England is an island, which the ancients, because of the white cliffs that mariners sailing there saw, called Albion. Some call it Brittania after Brutus Silvius, son of the Latin king, who conquered the island of Albion in which the giants lived; and so he called it Brittania after himself. It was called Great Britain to distinguish it from Little Britain which borders on Gaul. But now it is called England after a mighty English king. The island is triangular, and lies to the north and to the west. It is separated from all the neighboring countries. It begins at lower Germany and extends to Gaul, or France, and Spain, in the west. As Brutus, the Roman, chose to live in England, he built the fortified city of Trimoantem on the river Tamesis (Thames). The region was productive of all necessaries of life and the city was comparable to Troy, of ancient memory. Brutus, as they say, had three sons, Lotrinus, Albenatus, and Cambrius. They divided the island among themselves. Lotrino, being the elder, received half of it, and it was called Lothria after him. And it is said that in Lothria lies the city of Londinum, which is much visited by merchants and receives shipments of merchandise. There also the kings and princes of England, and the councilors of the people, as well as merchants often meet. Albenetus received one fourth of the island, which was called Albion after him. This is now called Scotland, and it is the upper part of the island, toward the north. It has small rivers, and is separated from England by mountains. Cambria fell to the lot of the third son, Cambri. It is now called Tyle, and is an island that lies to the north and west. It was the last with which the Romans made acquaintance. When in the summer the sun changes its course, there is no light there, and during the winter solstice, there is no day there. The greater part of this island is fertile, and possesses cattle, gold, silver, and iron. From it are shipped raw material, cattle and good hunting dogs. The island is surrounded by other islands. One of these is Hibernia, which approaches England in size. It is separated from England by a small sea. Thereabout are also the Orkneys. The holy Pope Gregory II sent worthy men there to convert the people to the faith; and thereafter many kings appeared, illustrious for their miracles. In this land are also many rivers, as well as a variety of metals. Bede describes their histories best.

Bede (673-735), was a Benedictine monk from England whose most famous work, Historia ecclesiastica gentis Anglorum ("The Ecclesiastical History of the English People") has gained him the title "The father of English history." Britannia comprehended the island of England and Scotland, which was also called Albion, while Hibernia, or Ireland, was usually spoken of as a separate island. However, it is sometimes included under the general name of the Insulae Britannicae, or British Isles, which included the smaller islands around the coast of Great Britain. The etymology of the word Britannia is uncertain, but most writers derive it from the Celtic word brith or brit ("painted"), with reference to the custom of the inhabitants in staining their bodies with a blue color; whatever may be the etymology of the word, it is certain that it was used by the inhabitants themselves, since in the Gaelic the inhabitants are called Brython and their language Brythoneg.

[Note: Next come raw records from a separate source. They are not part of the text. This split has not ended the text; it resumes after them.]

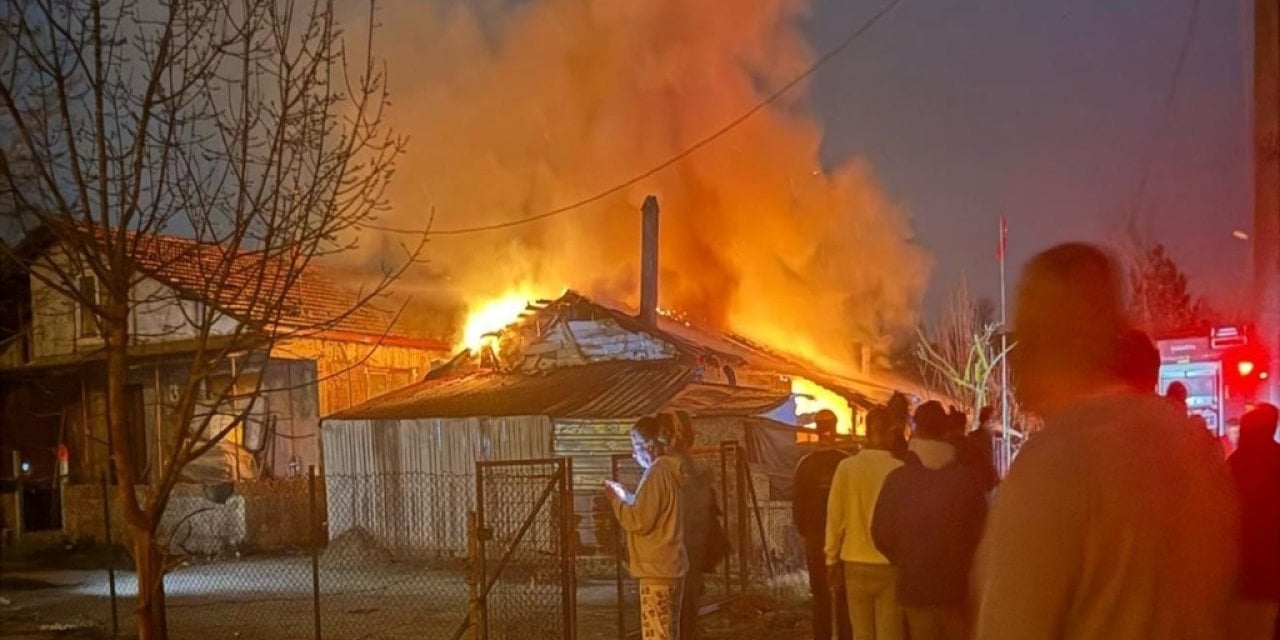 Komşularını öldüren baba ile oğlun evinde yangın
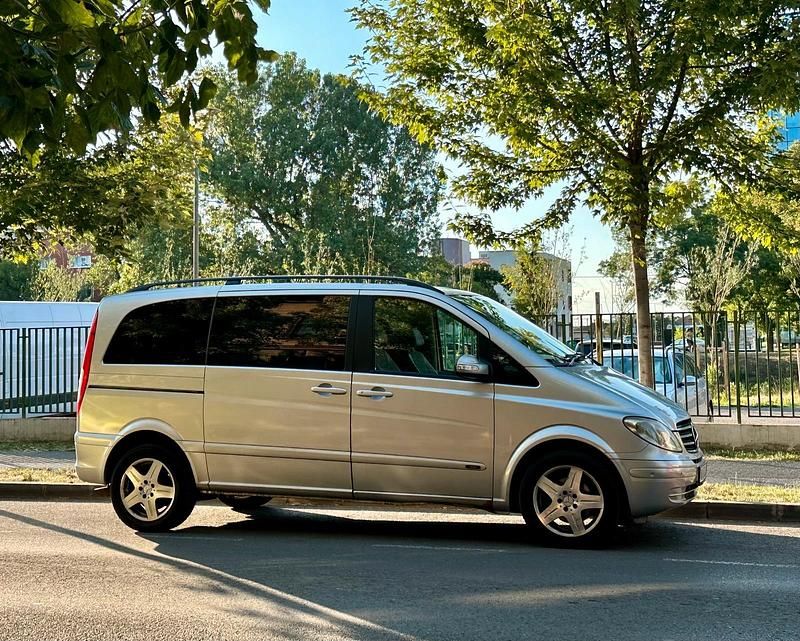Silber Gebraucht 2008 Mercedes Viano Van / Kleinbus | 8.500 € (Guter Preis) - Bild 1/1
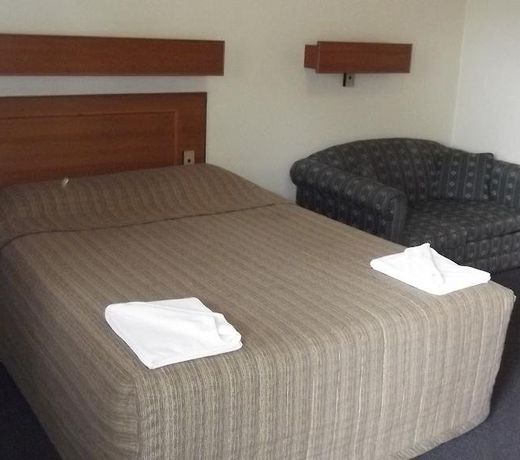 Country Motor Inn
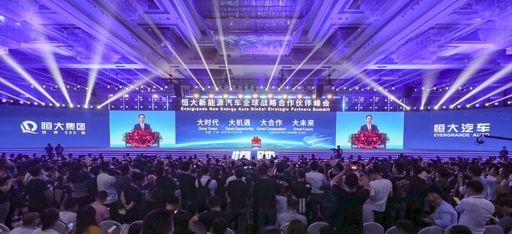  Evergrande hielt am 12. November in Guangzhou, der
Hauptstadt der südchinesischen Provinz Guangdong, einen globalen
NEV-Gipfel über strategische Partnerschaften ab.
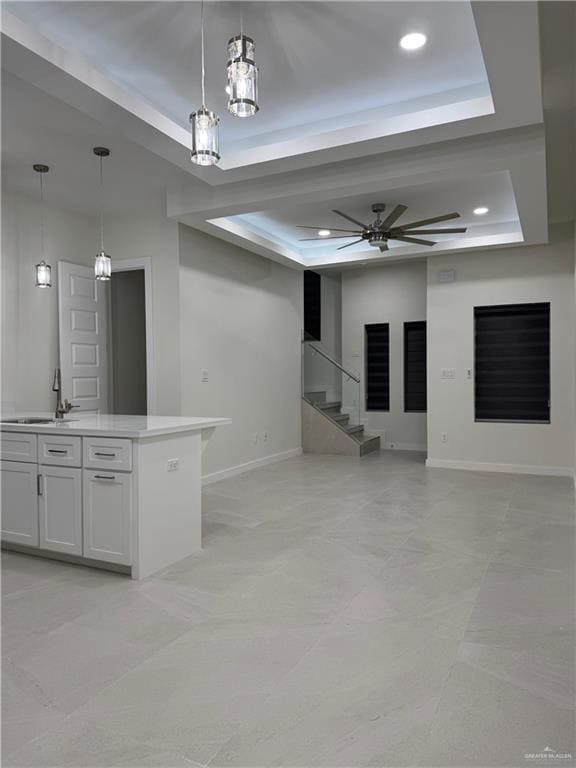 Building Photo - 11 W Kiwi Ave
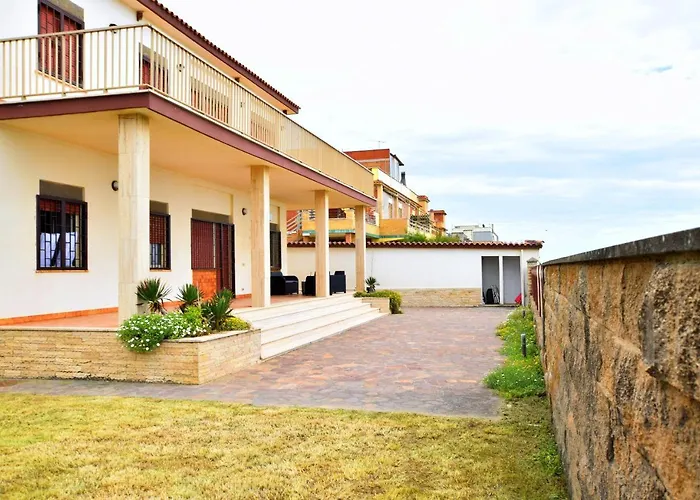 Seafront apartment in Villa , near Rome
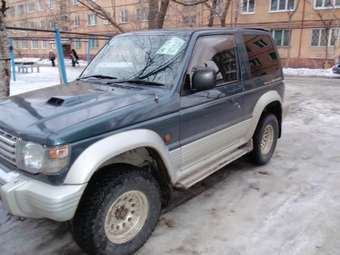 1994 Mitsubishi Pajero Photos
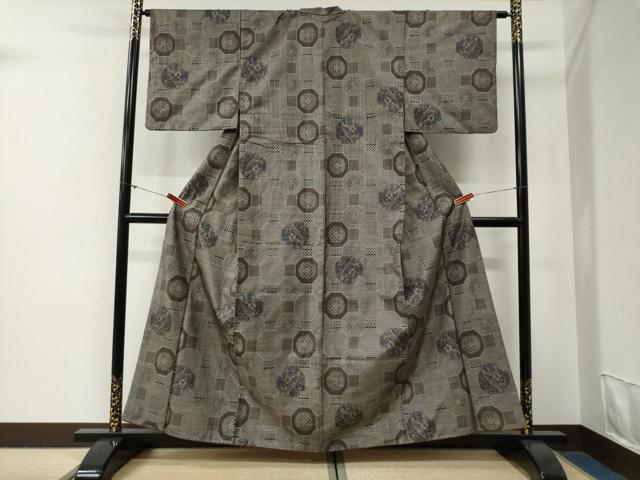 平和屋着物●本場大島紬 9マルキ 蜀江吉祥草花文 正絹 逸品 CABG0775yc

The name Albion (albus in Latin is "white") is probably derived from the white cliffs of the island; but writers, who derived the names of all lands and people from a mythical ancestor, connected the name with one Albion, the son of Neptune.

It was not until a late period that the Greeks and Romans obtained any knowledge of Britain. The first certain knowledge was from the merchants of Massilia (Marseilles) in the late fourth century BCE. From this time it was generally believed that the island was in the form of a triangle, an error that continued to prevail, even at a later period. Another important mistake was with reference to the position of Britain in relation to Gaul and Spain. As the northwest coast of Spain was supposed to extend too far to the north, and the west coast of Gaul to run northwest, the lower part of Britain was believed to lie between Spain and Gaul. The Romans first became acquainted with the island through Caesar’s invasions in 55 and 54 BCE.


This illustration is ostensibly designed to represent England (Anglie Provincia). We have before us, as usual, a fortified medieval city, located on an unusually steep mountainside, and divided by a river, probably the Thames, which flows along with a strong current. All is towers, turrets, walls and battlements of varying shapes and sizes. There are no churches, except for one structure that slightly resembles a house of worship. There are no spires or crosses.